Çin: Toplama kampları bulunmuyor
Çin, yetimhanelerin yoksul çocuklar için faydalı olduğunu belirtiyor ve bu çocukların ailelerinin tutulduğu toplama kamplarını ise inkar ediyor. Hükümet, insanları yoksulluktan ve terörizmden uzak tutmak için Sincan bölgesinde eğitime milyonlarca Yuan yatırım yaptığıyla övünüyor. Çin ayrıca Uygur Türklerini sorumlu tuttuğu yüzlerce ölüm olayının yaşandığı bölgede radikalliği önlemek için de sert tedbirler uyguluyor.
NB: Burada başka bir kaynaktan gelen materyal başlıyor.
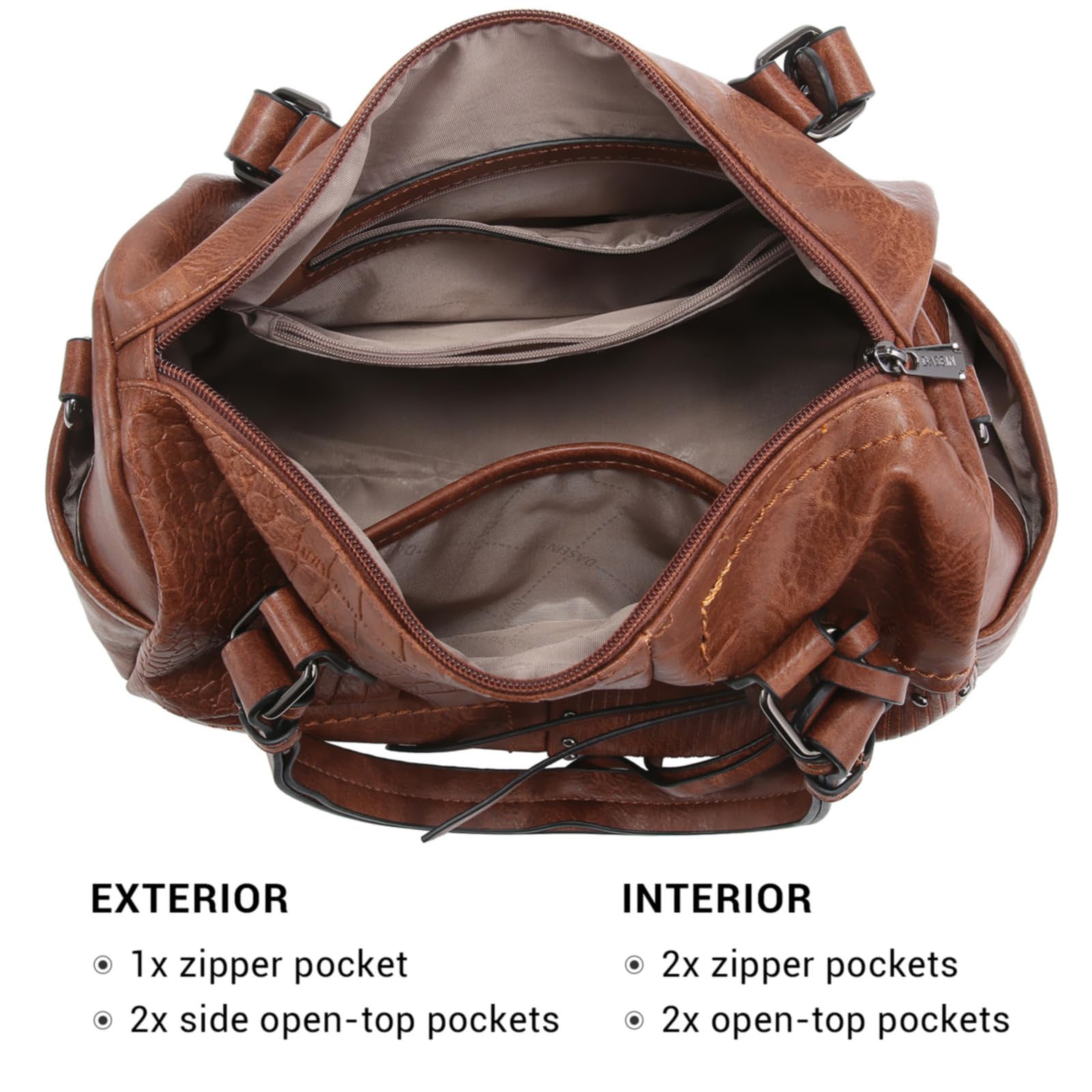 Dasein Women Soft Vegan Leather Barrel Bags Large Hobo Top Handle Work Totes Satchel Handbags Shoulder Purse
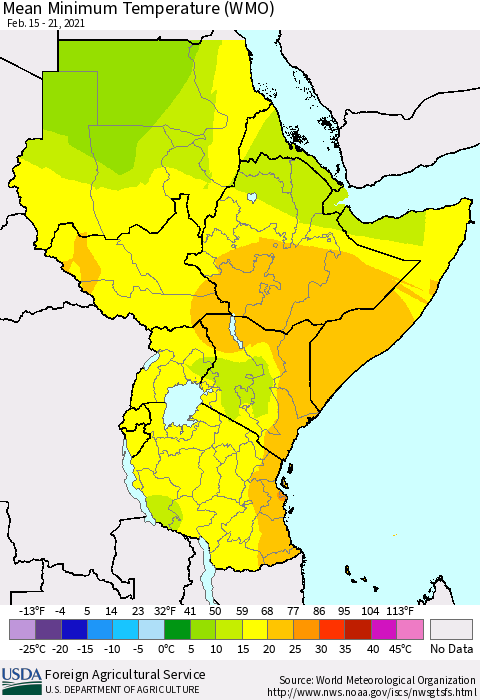 Eastern Africa Minimum Temperature (WMO) Thematic Map For 2/15/2021 - 2/21/2021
Fakat bu önlemler Uygur Türklerinin etnik kimliklerini yok ediyor.
Fakat Uygurlara göre bunun için sadece yetimhaneler kullanılmıyor. Hükümet, azınlık çocuklarının Mandarin dili yerine kendi dillerini kullanmaları halinde cezalandırıldıkları sözde “iki dilli” okullar inşa ediyor. Ve bu okullara Uygurların gitmesi mecburi kılınıyor.
Abdurrahim İmin, eylemleri ve yazılarından ötürü yetkililerin hayatından bezdirdiği bir şair ve yazar. Çin’den 2013 yılında kaçan İmin, o tarihten beri de 5 çocuğunun sesini duyamamış.
2014 yılında Türkiye’ye gelen İmin, ailesine zeytinyağı ve bazı yiyecekler göndermiş. Polis “yurt dışı bağlantısı” bulunduğu gerekçesiyle eşini Ekim 2015’te tutuklamış.
İmin ilerleyen yıllarda Sincan’dan gelen kişilerden, çocuklarından ikisinin polis tarafından öldürüldüğünü, kızının da yatılı bir okula gönderildiğini öğrenmiş.
Azınlık Uygur nüfusunun oldukça fazla olduğu Peyzawat’ta birçok yatılı okul bulunuyor. Dikenli tellerle çevrili olan okullarda, gözetleme kameraları ve araç bariyerleri mevcut. Okullardan birinde polis merkezinin yanı sıra kampüsü tepeden gören nöbetçi kulesi de var.
Çin Dışişleri Bakanlığı Sözcüsü Geng Shuang, günlük basın toplantılarında Sincan’daki uygulamaların bölgenin istikrarı ve kalkınmasını amaçladığını söylüyor.